To be Reviewed By: 22 Aug, 2019

Authors: Anil Gingade

Status: Draft | Discussion | Active | Dropped | Superseded

Superseded by: N/A

Related: N/A

Problem Unable to render Jira issues macro, execution error.

The Geode system requires AEQs to be configured before regions are created. If an AEQ listener is operating on a secondary region, this could cause listener to operate on a region which is not yet created or fully initialized (for region with co-located regions) which could result in missing events or dead-lock scenario between region creation threads (creating regions and its co-located regions in the listener). This scenario is likely to happen during persistence recovery; when AEQs are created in the start, the recovered AEQ events are dispatched immediately, thus invoking the AEQ listeners.

Anti-Goals

None

Solution

The proposed solution is to provide a way to control dispatching AEQ events to the AEQ Listeners, this could be done by adding "pause"  and "resume" capability to the AEQ, which will allow application to decide when to dispatch events to the listeners.

The proposal is similar to existing "pause" and "resume" behavior on the GatewaySender, on which the AEQ is based on (AEQ implementation is a wrapper around GatewaySender).

Changes and Additions to Public Interfaces

The proposed APIs are:

On "AsyncEventQueueFactory" interface -

AsyncEventQueueFactory pauseEventDispatchToListener();  // This causes AEQ to be created with paused state.

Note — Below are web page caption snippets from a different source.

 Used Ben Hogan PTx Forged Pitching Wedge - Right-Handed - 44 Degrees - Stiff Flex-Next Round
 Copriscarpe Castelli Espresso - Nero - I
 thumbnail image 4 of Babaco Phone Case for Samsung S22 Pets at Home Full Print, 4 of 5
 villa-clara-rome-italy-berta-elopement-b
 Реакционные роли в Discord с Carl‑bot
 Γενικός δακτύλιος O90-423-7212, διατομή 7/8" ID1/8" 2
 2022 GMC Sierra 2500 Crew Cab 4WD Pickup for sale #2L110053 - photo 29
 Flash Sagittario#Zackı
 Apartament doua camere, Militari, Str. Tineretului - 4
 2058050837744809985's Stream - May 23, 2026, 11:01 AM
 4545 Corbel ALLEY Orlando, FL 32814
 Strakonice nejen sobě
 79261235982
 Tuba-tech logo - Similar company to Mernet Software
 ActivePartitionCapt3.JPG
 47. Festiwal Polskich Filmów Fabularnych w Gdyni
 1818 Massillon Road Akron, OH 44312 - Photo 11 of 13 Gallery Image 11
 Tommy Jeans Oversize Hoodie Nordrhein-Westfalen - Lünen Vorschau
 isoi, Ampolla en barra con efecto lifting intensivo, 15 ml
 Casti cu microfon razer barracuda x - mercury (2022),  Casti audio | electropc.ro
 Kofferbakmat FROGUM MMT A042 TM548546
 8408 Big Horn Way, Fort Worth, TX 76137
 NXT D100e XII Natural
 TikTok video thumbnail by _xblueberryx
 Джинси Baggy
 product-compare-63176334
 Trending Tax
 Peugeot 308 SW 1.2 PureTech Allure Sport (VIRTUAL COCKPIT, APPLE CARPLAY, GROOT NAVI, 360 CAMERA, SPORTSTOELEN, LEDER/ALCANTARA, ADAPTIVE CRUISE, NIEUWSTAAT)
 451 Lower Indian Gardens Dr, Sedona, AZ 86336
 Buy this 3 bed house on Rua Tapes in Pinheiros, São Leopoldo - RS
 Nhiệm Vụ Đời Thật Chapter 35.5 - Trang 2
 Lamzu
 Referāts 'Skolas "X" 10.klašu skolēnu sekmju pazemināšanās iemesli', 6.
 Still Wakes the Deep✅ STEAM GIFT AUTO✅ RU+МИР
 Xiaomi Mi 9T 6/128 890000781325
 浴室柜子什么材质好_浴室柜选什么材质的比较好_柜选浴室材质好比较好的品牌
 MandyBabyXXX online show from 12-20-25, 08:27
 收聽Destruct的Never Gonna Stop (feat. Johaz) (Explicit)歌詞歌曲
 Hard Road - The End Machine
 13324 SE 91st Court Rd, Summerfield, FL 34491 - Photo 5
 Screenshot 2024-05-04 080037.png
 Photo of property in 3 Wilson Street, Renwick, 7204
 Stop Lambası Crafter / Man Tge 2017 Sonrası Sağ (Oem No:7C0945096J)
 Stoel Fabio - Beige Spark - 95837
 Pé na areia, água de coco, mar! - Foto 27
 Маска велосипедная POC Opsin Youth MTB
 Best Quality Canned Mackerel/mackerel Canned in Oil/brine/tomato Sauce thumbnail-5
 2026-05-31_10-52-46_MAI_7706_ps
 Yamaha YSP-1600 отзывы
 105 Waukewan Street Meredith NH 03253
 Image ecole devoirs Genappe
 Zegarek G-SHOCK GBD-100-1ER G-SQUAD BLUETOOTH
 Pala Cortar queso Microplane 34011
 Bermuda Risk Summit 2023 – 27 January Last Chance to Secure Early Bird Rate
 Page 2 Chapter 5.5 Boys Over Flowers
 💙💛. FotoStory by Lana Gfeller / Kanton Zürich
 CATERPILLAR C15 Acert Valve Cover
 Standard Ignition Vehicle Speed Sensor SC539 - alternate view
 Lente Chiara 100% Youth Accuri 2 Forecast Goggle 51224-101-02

On "AsyncEventQueue" interface -

boolean resumeEventDispatchToListener(); returns true or false if the event dispatch is resumed successfully.


The constraints on the pauseEventDispatchToListener() will remain similar to as in "GatewaySender.pause()" :

"It should be kept in mind that the events will still be getting queued into the queue. The scope of this operation is the VM on which it is invoked. In case the AEQ is parallel, the AEQ will be paused on individual node where this API is called and the AEQ on other VM's can still dispatch events. In case the AEQ is not parallel, and the running AEQ on which this API is invoked is not primary then primary AEQ will still continue dispatching events."

Performance Impact

This will have similar performance and resource implication as with the "GatewaySender.pause()" functionality. If the AEQ is not resumed or kept in "pause" state for long, it may start consuming the configured memory and overflow it into disk and may cause disk full scenario.

Backwards Compatibility and Upgrade Path

Impact with rolling upgrade:

As the api is applicable at individual VM level, there is no message serialization changes involved. And only applicable to the events getting dispatched to the listeners on that VM. And the AEQ which are replicated (for redundancy) continues to work as before.

Backward compatibility requirements:

None. The AEQs are configured and managed at the server side. There is no messaging involved between client/server.

Disk formatting changes:

None.

Deprecation and Application Changes:

None. If needed, the existing application can be modified to control event dispatch with AEQ listener.

Prior Art

Without this, the AEQ listeners operating on other regions could experience missing events or dead lock, if there are co-located regions.

This approach is simple and can take advantage of the existing functionality that is already supported in GatewaySender on which AEQ is based on.

FAQ

Answers to questions you’ve commonly been asked after requesting comments for this proposal.

Errata

What are minor adjustments that had to be made to the proposal since it was approved?

  • No labels

1 Comment

  1. Summary from email discussion thread:

    Thanks for all the great feedback and comments.

    API Name change:
    Suggestion: *startPaused*,*setManualStart*, *startWithEventDispatcherPaused*?, createPaused()

    Start/Stop behavior:
    - Manual start has caused a lot of trouble over the years.
    - Explain starting AEQ in a paused state is different from creating gateway senders with manual start


    Yes, we can change/adopt the name which is meaningful with the functionality. The name suggested "pauseEventDispatchToListener()" is to make its usage/action clear; and address any ambiguity with its usage; between adding/removing event from AEQ and dispatching events to AEQ listener. 

    To emphasis, this is not same as GatewaySender manual start (start/stop); the manual start/stop is with enqueuing and dequeuing events from GatewaySender itself, and as Mike pointed out there are issues with this (during recovery with parallel gateway) and the reason its been deprecated. 

    The new functionality is similar to the "pause" and "resume" operation on the GatewaySender. Except that here with the new api, the AEQ is created with pause state.

    The new api doesn't control adding and removing event from AEQ. Its to control dispatching event to the listener. When created in paused state, the events are continued be added into the AEQ and removed from it (expiry). The new API will allow applications to create/manage any required state/resource for the events before processing those events in the application code. 

    Cache level setting:
    - Will it be more feasible if we can set the flag at cache level.

    The cache level configuration affects all the AEQs, which may not be the requirement. Having at AEQ level help the application to use this capability only at the required AEQ, gives more controlling capability.